Oil Tanker Gets Hole in Its Hull as Ships Attacked Off U.A.E.
(Bloomberg) -- An oil tanker got a hole in its hull after being struck by an unknown object off the coast of the United Arab Emirates, where a spate of attacks on oil carriers was reported on Sunday.
The back of the tanker, the Andrea Victory, was damaged on its waterline while at an anchorage at Fujairah, a refueling center for tankers sailing to and from ports in the Persian Gulf. It’s not in danger of sinking, according to Thome Shipmanagement, which manages the carrier.
A video on Twitter showed a vessel with that name and that kind of damage looking steady in the water. An external spokesman for Thome declined to comment on the images.
While nobody has claimed responsibility for causing the damage -- or several similar incidents on Sunday -- there are heightened tensions across the Middle East right now. The U.S. is trying to prevent Iran from exporting crude while Saudi Arabia is pledging to cover any shortfalls in supply from its rival from across the Persian Gulf.

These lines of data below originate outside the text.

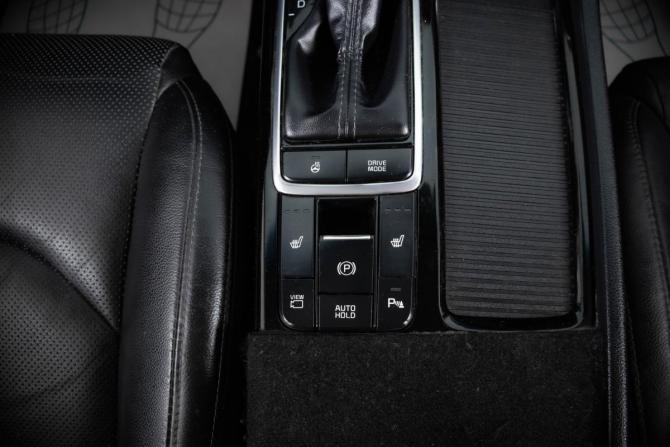 Kia Optima IV Рестайлинг с пробегом 2018 года, цена 2 149 000 рублей, 164600 км, седан, Автокод Объявления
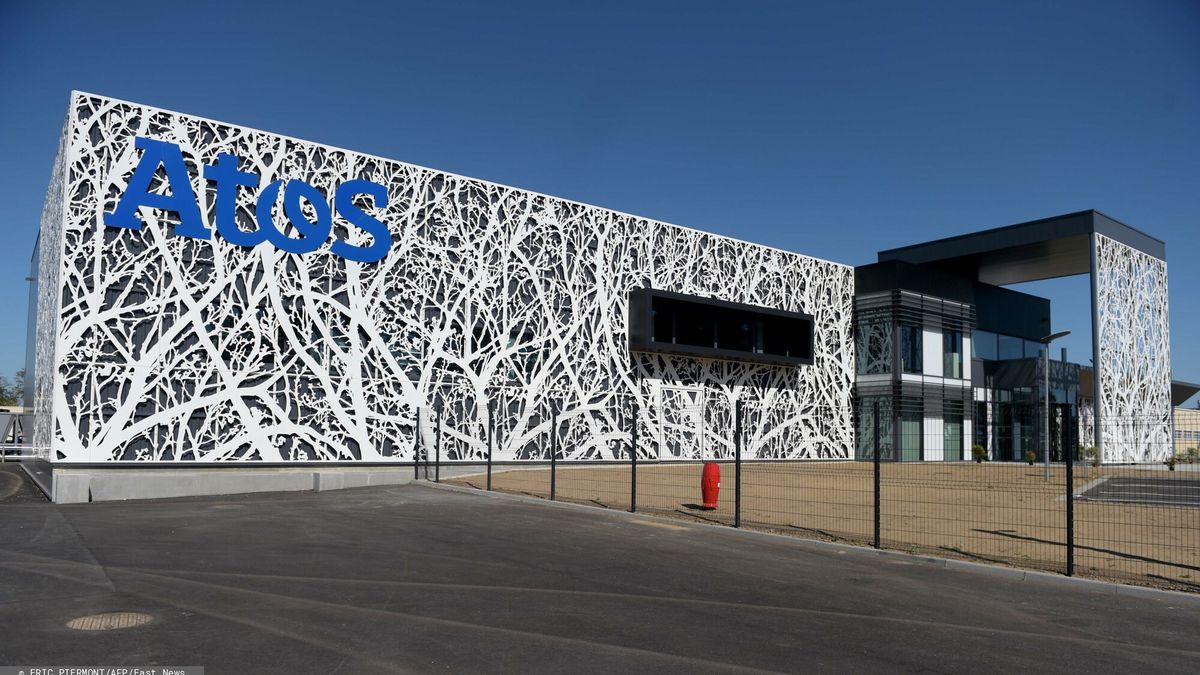 Superkomputer HPC
This picture taken on September 19, 2019, in angers, shows the headquater of the global High Performance Computing (HPC) Test Lab, during the inauguration at the Atos' site, on September 19, 2019 in Angers. (Photo by ERIC PIERMONT / AFP)
ERIC PIERMONT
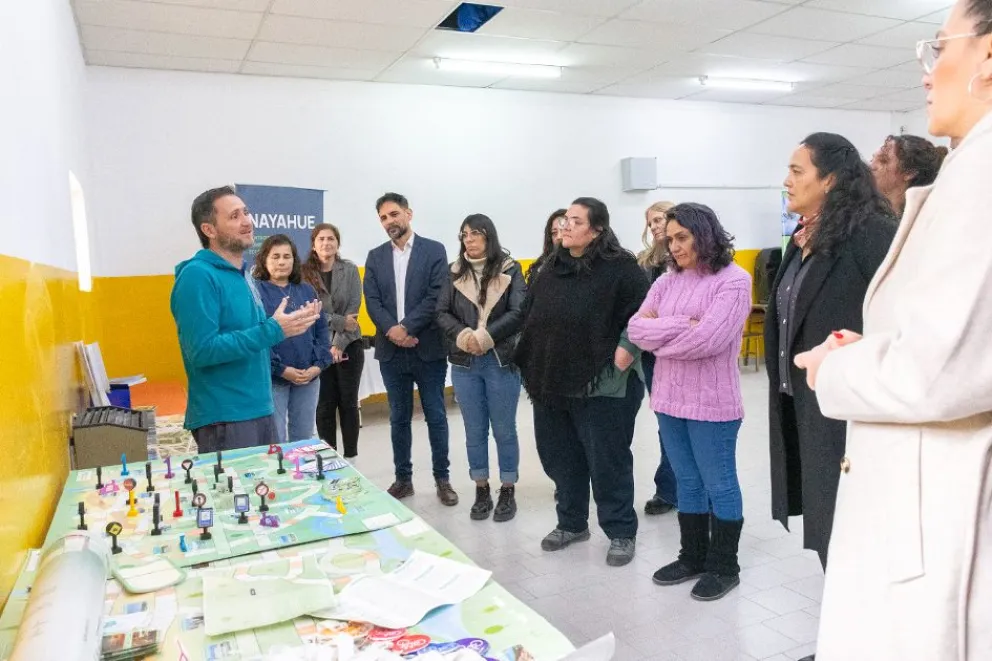 Nayahue y ANIDE en acción para acercar ciencia y tecnología a escuelas de la provincia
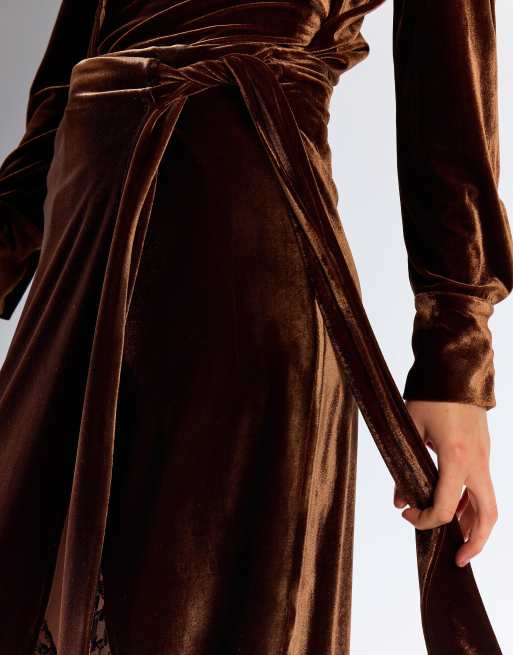 Glamorous Side split tassels midi skirt in brown velvet, 4 of 4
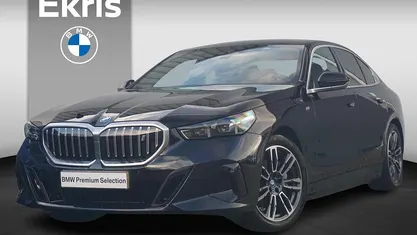 Zwart Occasion 2024 BMW i5 M Sport Sedan | € 56.900 (Super prijs)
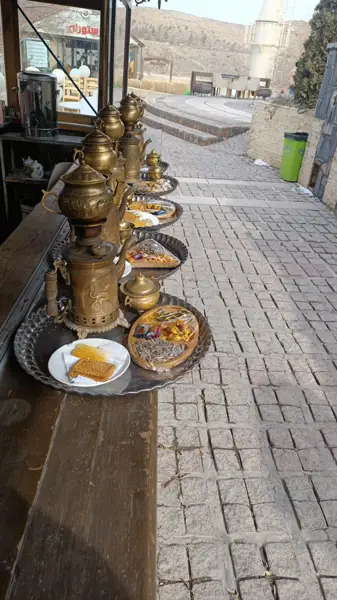  کافی شاپ رنگین کمان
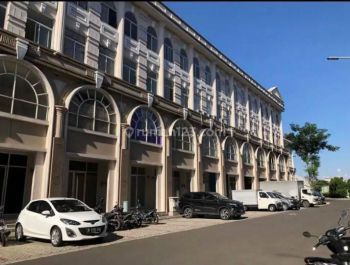 Sewa ruko green lake city 4 lantai fasilitas besar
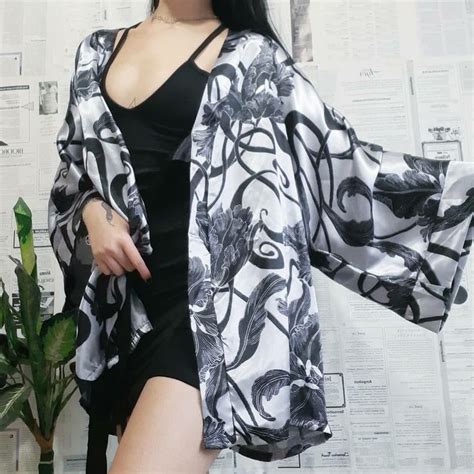 Kimono Tops 的图像结果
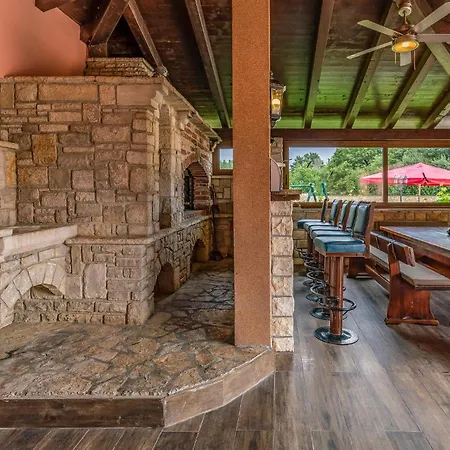 Amazing In With Sauna Casa vacanze Pola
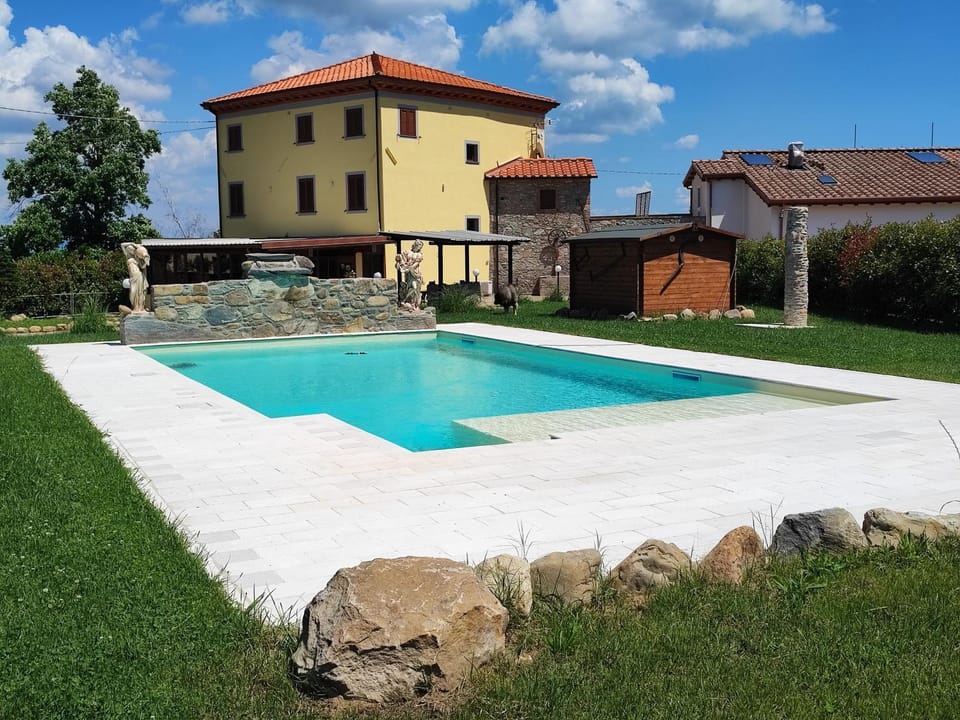 Property building, Swimming pool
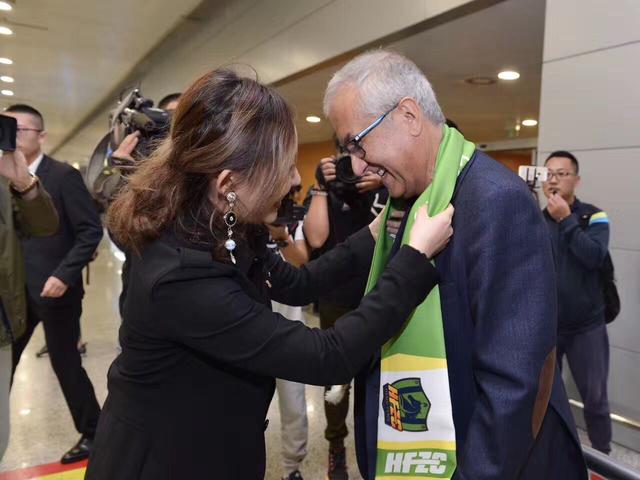 美女白浆视频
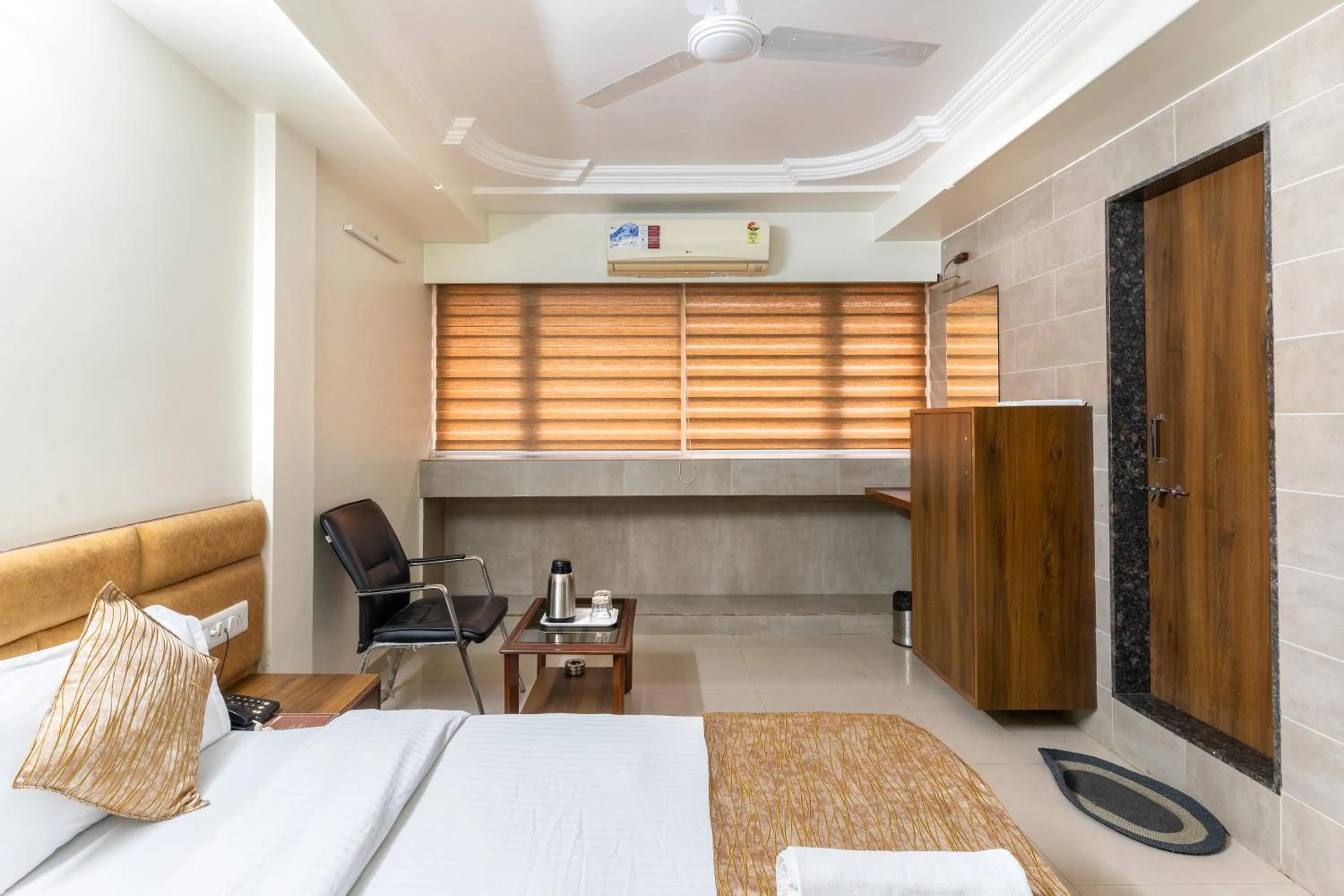 Photo of the whole room, Bed in Hotel Sanmati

The vessel that suffered a hole in its hull is a so-called Handymax tanker that would normally carry about 330,000 barrels of cargo. A U.A.E. government official had already identified it as one of four that were targeted in an attack off Fujairah on Sunday.
Modern tankers have double hulls, meaning that even if the outer one is pierced, they should stay afloat.
Thome informed local authorities and the ship’s crew is helping with ongoing investigations. The crew is unharmed.